江川はお前の腕を叩きながら笑ってたらしいじゃないか」
「流青、他の女と笑うくらいならわかる。
だが、お前はうさみみちゃん以外の女と、
えらくスキンシップするんだなー」
「……宇佐美さんはそれを見てショックで顔面蒼白。
倒れそうになった宇佐美さんを、
うちの一橋が抱えて保健室まで連れて行った。
宇佐美さんは一橋に悪いが自宅まで送って欲しいと初めて頼んだそうだ。青白い顔で。全て、一橋から聞いた」
「っ!」
「もしさ。うさみみちゃんが他の男子と仲良さそうに笑いながら身体を叩いて。
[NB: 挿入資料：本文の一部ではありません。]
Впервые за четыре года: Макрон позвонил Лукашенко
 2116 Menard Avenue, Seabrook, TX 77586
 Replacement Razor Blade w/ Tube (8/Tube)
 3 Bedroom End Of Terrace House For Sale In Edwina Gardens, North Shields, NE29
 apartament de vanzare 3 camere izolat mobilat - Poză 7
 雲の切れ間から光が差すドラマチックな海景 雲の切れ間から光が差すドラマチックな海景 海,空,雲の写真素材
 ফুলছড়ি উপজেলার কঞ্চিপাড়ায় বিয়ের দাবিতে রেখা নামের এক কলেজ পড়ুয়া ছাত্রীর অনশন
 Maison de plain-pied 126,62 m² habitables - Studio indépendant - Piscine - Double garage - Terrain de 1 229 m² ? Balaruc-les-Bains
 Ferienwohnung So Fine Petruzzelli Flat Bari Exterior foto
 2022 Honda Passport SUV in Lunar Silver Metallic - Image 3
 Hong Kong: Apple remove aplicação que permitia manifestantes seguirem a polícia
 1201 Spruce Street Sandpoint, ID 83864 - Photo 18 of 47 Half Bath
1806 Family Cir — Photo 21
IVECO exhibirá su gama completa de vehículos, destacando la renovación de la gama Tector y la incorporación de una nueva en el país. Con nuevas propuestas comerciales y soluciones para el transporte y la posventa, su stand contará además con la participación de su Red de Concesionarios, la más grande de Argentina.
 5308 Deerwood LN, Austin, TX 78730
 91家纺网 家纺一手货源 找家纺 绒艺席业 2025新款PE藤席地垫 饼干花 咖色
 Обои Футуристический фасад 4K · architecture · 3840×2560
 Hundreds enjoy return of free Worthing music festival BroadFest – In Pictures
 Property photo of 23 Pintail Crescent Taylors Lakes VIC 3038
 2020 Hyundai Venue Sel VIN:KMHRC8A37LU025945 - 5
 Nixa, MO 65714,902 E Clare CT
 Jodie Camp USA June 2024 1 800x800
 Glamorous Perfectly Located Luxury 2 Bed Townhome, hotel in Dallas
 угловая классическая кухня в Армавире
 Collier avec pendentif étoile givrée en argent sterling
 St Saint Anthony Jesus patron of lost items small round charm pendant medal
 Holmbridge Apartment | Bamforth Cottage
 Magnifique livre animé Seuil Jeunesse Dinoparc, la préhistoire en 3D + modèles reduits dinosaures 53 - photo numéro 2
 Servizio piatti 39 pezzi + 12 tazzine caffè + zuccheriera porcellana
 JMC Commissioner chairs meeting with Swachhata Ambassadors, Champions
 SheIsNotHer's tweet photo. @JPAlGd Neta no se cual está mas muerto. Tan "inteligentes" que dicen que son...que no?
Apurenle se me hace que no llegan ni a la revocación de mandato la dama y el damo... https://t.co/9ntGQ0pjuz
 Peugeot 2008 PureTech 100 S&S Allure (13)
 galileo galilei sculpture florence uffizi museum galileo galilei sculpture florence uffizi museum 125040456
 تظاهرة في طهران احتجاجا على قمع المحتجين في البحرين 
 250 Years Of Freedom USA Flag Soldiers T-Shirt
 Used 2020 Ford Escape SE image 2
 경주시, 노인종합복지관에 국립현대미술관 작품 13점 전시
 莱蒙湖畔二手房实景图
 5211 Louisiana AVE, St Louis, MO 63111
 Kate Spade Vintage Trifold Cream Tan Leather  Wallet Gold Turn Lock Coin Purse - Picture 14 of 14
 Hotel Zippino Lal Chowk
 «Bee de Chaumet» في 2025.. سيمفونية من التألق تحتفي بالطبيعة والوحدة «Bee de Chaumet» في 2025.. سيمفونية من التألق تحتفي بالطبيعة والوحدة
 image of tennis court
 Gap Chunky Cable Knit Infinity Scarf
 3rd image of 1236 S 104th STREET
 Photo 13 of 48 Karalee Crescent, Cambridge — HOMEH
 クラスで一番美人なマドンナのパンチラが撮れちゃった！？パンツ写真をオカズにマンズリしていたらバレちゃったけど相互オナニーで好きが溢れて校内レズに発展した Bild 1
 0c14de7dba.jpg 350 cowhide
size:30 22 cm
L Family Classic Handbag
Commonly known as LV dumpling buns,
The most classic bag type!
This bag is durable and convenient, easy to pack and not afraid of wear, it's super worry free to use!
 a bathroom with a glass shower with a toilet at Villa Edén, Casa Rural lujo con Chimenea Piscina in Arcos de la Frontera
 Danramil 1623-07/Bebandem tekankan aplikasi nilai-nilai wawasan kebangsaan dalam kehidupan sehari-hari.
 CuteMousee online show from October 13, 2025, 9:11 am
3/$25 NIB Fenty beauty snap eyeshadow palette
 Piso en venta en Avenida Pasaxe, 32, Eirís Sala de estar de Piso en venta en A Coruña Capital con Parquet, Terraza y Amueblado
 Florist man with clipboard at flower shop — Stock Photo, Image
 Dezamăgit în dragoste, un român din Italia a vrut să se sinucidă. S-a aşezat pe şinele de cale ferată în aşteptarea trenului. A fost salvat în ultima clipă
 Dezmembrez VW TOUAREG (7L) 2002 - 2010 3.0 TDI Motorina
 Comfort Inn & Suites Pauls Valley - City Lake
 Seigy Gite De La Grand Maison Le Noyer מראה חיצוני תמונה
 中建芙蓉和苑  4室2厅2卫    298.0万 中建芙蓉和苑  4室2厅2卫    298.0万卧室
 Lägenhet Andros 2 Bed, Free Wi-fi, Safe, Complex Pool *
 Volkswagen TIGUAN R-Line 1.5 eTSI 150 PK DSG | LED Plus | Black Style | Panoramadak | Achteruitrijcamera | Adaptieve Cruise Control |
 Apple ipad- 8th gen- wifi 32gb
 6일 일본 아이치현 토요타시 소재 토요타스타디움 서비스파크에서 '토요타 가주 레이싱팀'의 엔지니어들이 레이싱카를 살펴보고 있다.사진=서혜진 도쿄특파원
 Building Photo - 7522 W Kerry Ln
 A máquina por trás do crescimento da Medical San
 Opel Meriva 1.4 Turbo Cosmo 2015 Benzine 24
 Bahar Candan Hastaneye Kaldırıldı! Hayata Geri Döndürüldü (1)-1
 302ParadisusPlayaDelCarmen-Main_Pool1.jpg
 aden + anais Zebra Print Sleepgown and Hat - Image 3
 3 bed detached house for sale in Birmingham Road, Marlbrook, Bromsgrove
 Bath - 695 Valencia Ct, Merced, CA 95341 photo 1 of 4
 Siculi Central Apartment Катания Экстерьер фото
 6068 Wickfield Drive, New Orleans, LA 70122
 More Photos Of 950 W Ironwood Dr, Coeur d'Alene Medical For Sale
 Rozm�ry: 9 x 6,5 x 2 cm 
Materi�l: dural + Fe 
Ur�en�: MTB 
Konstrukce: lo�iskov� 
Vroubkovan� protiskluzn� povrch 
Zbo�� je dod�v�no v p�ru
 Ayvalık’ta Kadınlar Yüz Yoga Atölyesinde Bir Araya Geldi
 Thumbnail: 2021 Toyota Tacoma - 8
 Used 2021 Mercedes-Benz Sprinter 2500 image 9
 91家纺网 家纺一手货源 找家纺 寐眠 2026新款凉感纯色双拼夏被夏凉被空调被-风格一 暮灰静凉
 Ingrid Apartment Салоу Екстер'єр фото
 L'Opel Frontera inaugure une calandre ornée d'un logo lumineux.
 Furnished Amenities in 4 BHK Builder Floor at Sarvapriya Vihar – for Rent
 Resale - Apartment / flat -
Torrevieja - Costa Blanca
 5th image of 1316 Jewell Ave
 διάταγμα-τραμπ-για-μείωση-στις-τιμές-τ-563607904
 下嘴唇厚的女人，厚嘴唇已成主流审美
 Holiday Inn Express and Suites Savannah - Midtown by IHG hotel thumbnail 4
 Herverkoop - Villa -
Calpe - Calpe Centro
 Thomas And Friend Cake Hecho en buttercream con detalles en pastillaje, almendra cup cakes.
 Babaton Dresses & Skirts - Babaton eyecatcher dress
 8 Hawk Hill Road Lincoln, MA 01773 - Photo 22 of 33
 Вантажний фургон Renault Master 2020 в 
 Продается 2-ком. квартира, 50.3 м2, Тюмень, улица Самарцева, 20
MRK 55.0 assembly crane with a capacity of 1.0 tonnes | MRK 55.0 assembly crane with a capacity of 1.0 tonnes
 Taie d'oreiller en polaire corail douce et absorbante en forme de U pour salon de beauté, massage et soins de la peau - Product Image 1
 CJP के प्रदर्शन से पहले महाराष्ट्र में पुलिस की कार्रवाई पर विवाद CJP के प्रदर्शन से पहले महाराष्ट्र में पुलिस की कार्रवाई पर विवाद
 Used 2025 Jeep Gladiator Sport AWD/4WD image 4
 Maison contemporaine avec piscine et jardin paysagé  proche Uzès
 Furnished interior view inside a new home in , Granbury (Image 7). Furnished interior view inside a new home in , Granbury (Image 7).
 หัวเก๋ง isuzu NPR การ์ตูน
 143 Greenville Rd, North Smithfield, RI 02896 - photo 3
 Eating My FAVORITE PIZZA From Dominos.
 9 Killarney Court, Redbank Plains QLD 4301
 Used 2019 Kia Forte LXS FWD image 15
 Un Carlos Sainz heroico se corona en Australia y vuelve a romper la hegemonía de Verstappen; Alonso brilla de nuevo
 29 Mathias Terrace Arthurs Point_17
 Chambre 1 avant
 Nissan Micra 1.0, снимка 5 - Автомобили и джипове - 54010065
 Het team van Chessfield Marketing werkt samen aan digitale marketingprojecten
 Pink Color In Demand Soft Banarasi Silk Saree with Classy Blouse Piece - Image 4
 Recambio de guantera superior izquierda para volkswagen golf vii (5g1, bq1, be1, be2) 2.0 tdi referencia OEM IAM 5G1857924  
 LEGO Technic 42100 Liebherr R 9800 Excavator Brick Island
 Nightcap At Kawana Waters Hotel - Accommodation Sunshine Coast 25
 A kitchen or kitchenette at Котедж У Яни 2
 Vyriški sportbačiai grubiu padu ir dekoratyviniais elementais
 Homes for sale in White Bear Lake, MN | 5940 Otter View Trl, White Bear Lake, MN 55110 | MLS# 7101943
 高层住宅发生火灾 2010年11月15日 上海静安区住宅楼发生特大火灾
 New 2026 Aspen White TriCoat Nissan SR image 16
スキンシップしながらめっちゃ楽しそーに笑ってるの見たら、お前どう?あれー?平気なんだー!」
「っ!!」
「そーいう事だよっ!!」
ガツッ!!
湊人が近くの机を思い切り蹴った。
「流青。お前は、死ぬほどモテる。
そんなの痛いほどわかってんだろ?
なあ?只でさえいつも不安なうさみみちゃんのこと、
どうしてもっと気遣って大切にしてやらねーんだよ?」
「……」
「…ねえ?何で泣かすの?何で平気でいられんの?
お前、うさみみちゃんを幸せにするってうさみみちゃんの両親に約束して婚約したんじゃないのかよ!?何泣かしてんだよっ!」
ガツッ!
「痛っ!!」
今度は湊人が流青に殴られた。
「平気じゃねえっ!!!俺はっ…美久子に、何やってるんだ…」
「じゃあ、やる事はひとつだな」
「……」
「己の不始末で、大事な女を泣かすな」
「!……」
「宇佐美さんは流青が思うよりもずっと、男に好かれる」
「っ!」
「婚約してるからといって、気を抜くな。
あっという間に攫われるぞ」
「……ああ。そうだな。わかった。
……湊人……健二も、すまなかった」
流青は二人に頭を下げて、出て行った。
「……湊人。お前、諦め切れるのか?」
「……ま、最後まで足掻いてみるよ」
「そうか……」
湊人は天井を見上げて、深い溜め息をついた。